Firma nielegalnie wykorzystała wizerunek i piosenkę „Jesús es verbo, no sustantivo” w kampanii reklamowej, jest to piosenka Ricardo Arjona
La Suprema Corte de Justicia de la Nación (Sąd Najwyższy Narodu) zatwierdził wyrok wydany przez Sąd Kolegialny, aby firma samochodowa Toyota wypłaciła odszkodowanie gwatemalskiemu piosenkarzowi Ricardo Arjonie, za nielegalne wykorzystanie jego wizerunku i piosenki „Jesús es verbo, no sustantivo” w kampanii reklamowej.

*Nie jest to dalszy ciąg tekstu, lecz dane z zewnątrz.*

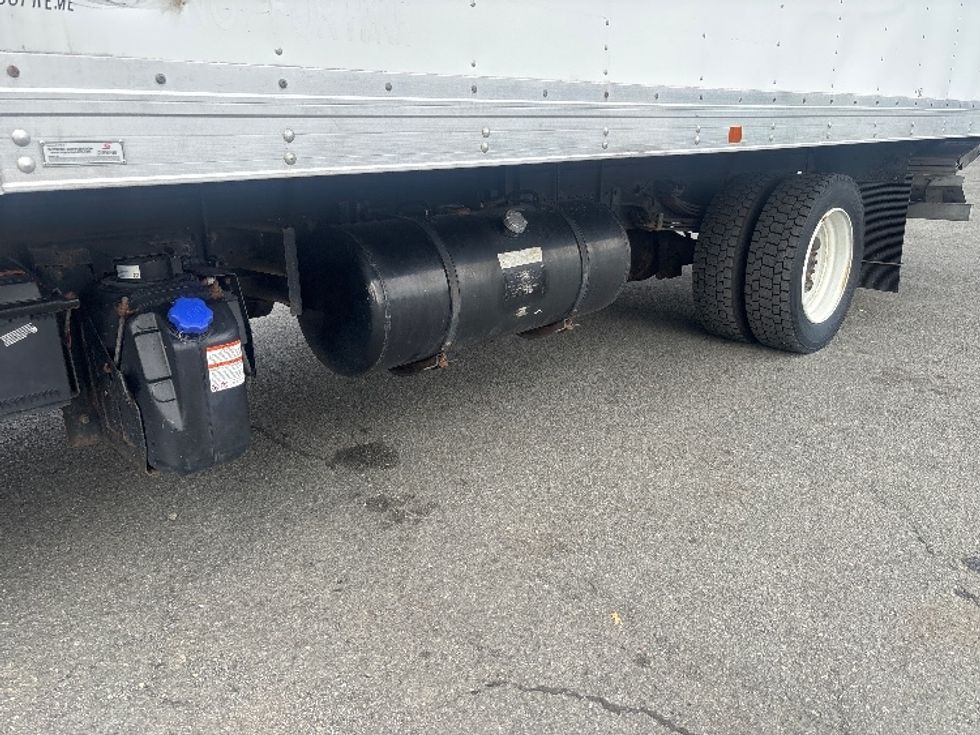 Medium Duty Box Truck-Light and Medium Duty Trucks-Hino-2020-195-Elmsford-NY-56,310\n\t\tmiles-$ 46,750 - Image 5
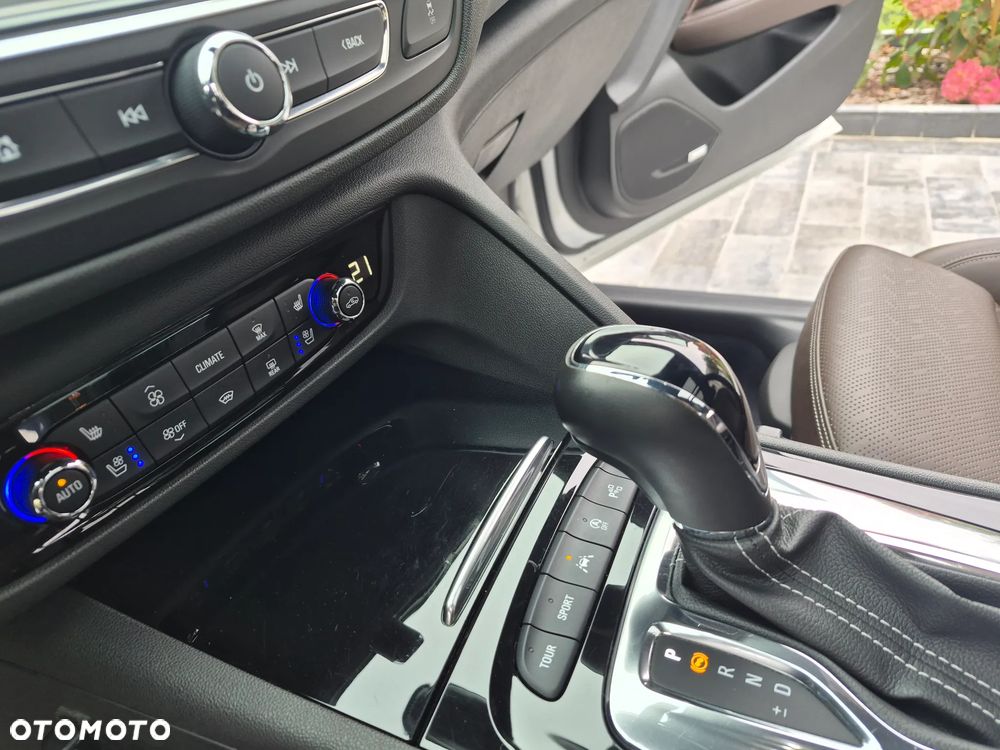 Opel Insignia 2.0 T 4x4 Innovation S&S - 28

Eduardo de la Parra, prawnik piosenkarza i autora tekstów, wyjaśnił, że Toyota chciała obniżyć odszkodowanie, dlatego wystąpiła o nakaz sądowy, który ostatecznie został odrzucony przez najwyższy sąd.
„(Proces) wygraliśmy w 2023 r., ale Toyota odwróciła sprawę i chciała wypłacić mniejsze odszkodowanie, a ostatecznie sąd okręgowy powiedział nam, że nie, że muszą zapłacić za każde z naruszonych praw, a w tym przypadku było ich dwa. Ale Toyota nie chciała tego zrobić i teraz Sąd Najwyższy jednogłośnie odrzucił wniosek o ponowne rozpatrzenie sprawy” – zauważył.
Strona sporu podkreśliła, że Toyota nie ma już żadnych innych możliwości obrony, gdyż przegrana przez nią apelacja miała już charakter nadzwyczajny.
„Musimy przejść przez proces kwantyfikacji, w którym ekspertyzy muszą zostać złożone, aby ustalić kwotę odszkodowania. Zajmie to jeszcze kilka miesięcy” – powiedział De la Parra.
Adwokat, autor książki „El derecho a la propia imagen”, to ten sam, który we wrześniu ubiegłego roku zdołał zmusić Mexicano de la Propiedad Industrial do wycofania środków ostrożności, które zabraniały rozpowszechniania książki „Todo a la luz. El caso criminal que México quedan en la oscuridad” (Wszystko w świetle. Sprawa karna, którą Meksyk pozostawił w ciemności), promowanej przez Glorię Trevi.
Bronił także meksykańskich filmowców przed zniknięciem Fidecine, fundacji wspierającej filmy komercyjne przez dwie dekady. W zeszłym roku sam Sąd Najwyższy orzekł, że działania rządu Andrésa Manuela Lópeza Obradora były niezgodne z konstytucją.